With -Ox (-Ogityb1 /Gs) Enable Frame Pointer Omission (FPO)
00401140 _CRC16_C: ; Xref 0040100F
00401140 8B4C2404 mov ecx,[esp+4]
00401144 33C0 xor eax,eax
00401146 8BD1 mov edx,ecx
00401148 49 dec ecx
00401149 85D2 test edx,edx
0040114B 744B jz loc_00401198
0040114D 56 push esi
0040114E 8D7101 lea esi,[ecx+1]
00401151 8B4C240C mov ecx,[esp+0Ch]
00401155 57 push edi
00401156 loc_00401156: ; Xref 00401194
00401156 33D2 xor edx,edx
00401158 8A31 mov dh,[ecx]
0040115A 33C2 xor eax,edx
0040115C 41 inc ecx
0040115D 8BD0 mov edx,eax
0040115F 8BF8 mov edi,eax
00401161 81E2FFFF0000 and edx,0FFFFh
00401167 C1EA0C shr edx,0Ch
0040116A C1E704 shl edi,4
0040116D 668B04551CA04000 mov ax,[off_0040A01C+edx*2]
00401175 6633C7 xor ax,di
00401178 8BD0 mov edx,eax
0040117A 81E2FFFF0000 and edx,0FFFFh
00401180 C1EA0C shr edx,0Ch
00401183 C1E004 shl eax,4
00401186 668B14551CA04000 mov dx,[off_0040A01C+edx*2]
0040118E 6633D0 xor dx,ax
00401191 4E dec esi
00401192 8BC2 mov eax,edx
00401194 75C0 jnz loc_00401156
00401196 5F pop edi
00401197 5E pop esi
00401198 loc_00401198: ; Xref 0040114B
00401198 C3 ret
thank you to all 3 replies, put together there is everything i could ever need to know :) Unfortunately this is not the only reason a C compiler will write better code than me, and probably not the most important reason.
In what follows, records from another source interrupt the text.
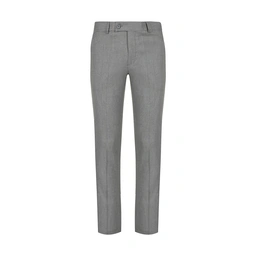 شلوار فاستونی مردانه - پارچه کج راه / بافت :لانه زنبوری - جنس 3% پشم / 3% لاکرا ( کش ) / پنبه- کمر د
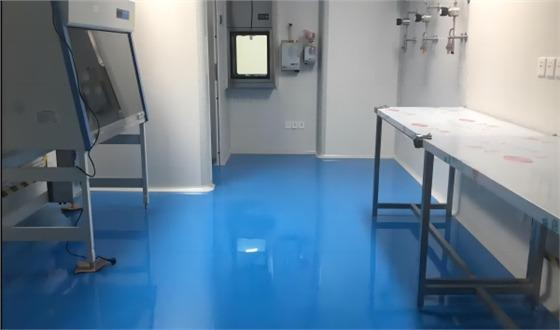 無(wú)塵車間地面如何處理？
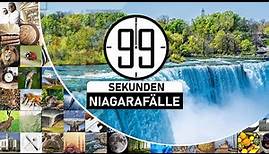 Die Niagarafälle in 99 Sekunden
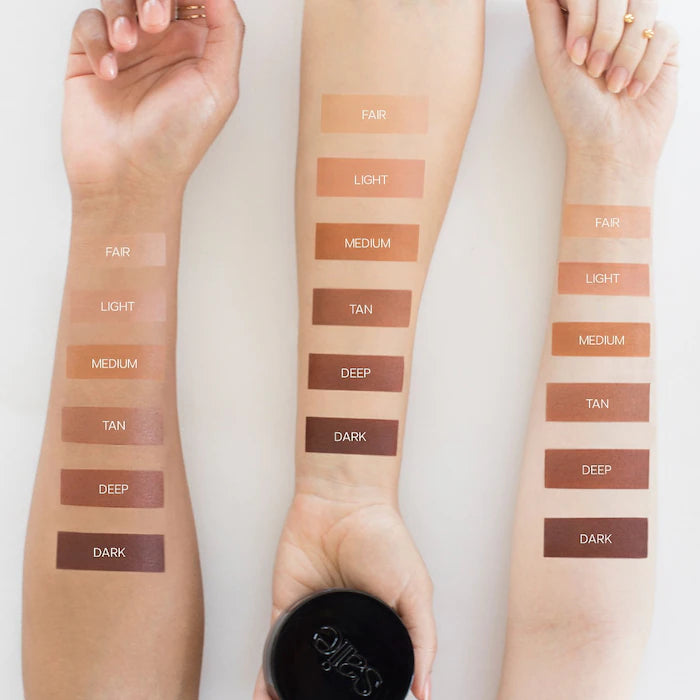 Saie - Sun Melt Natural Cream Bronzer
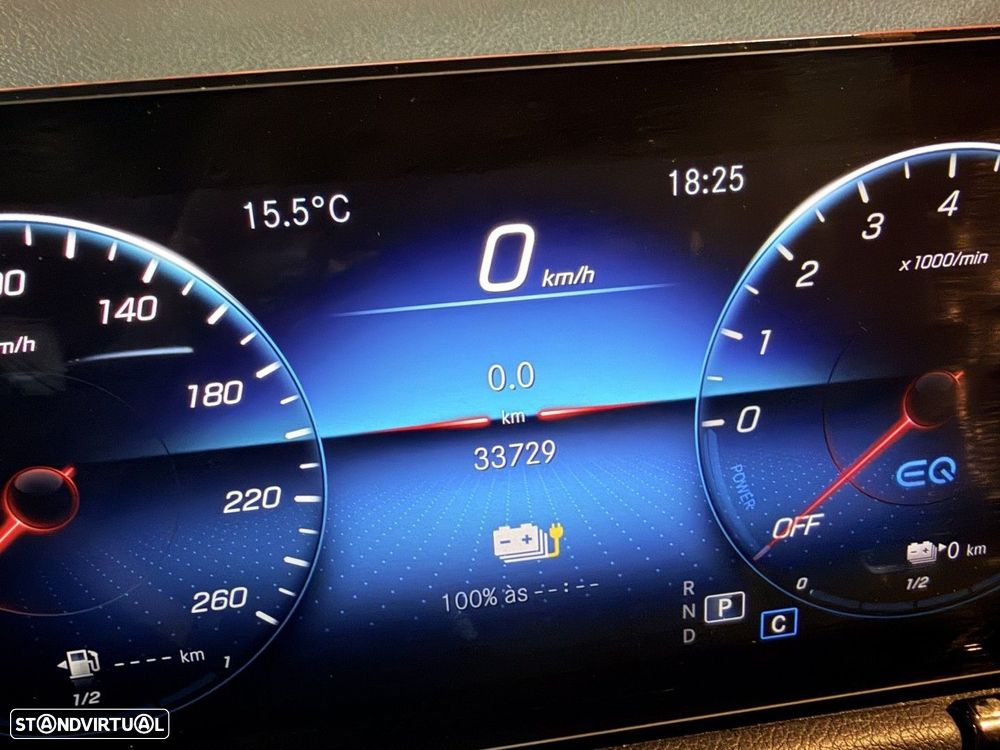 Mercedes-Benz GLA 250 e Progressive - 30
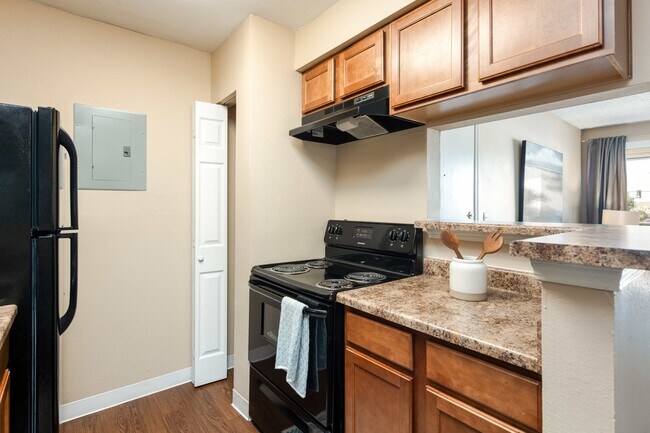 Cambrian Apartments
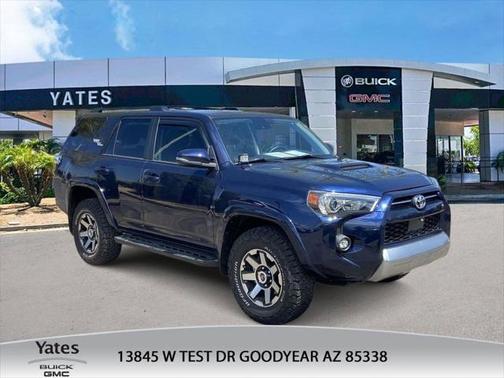 2024 Toyota 4Runner TRD Off Road Premium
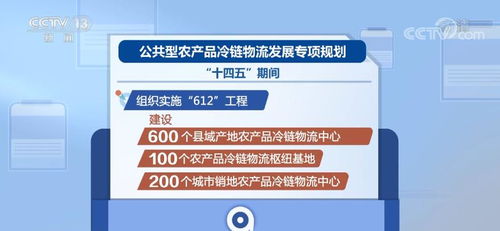 構建縣域冷鏈新網(wǎng)絡 600中心助力小微農(nóng)戶與多元服務拓展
I will try to catch up to it :)
Joe,
It just comes with practice but be aware that some algorithms reach their memory imposed speed limit well before they reach their most efficient encodings. Compilers get there a lot of the time because of this factor, with practice you will learn what can and what can't be improved and put your work where it matters.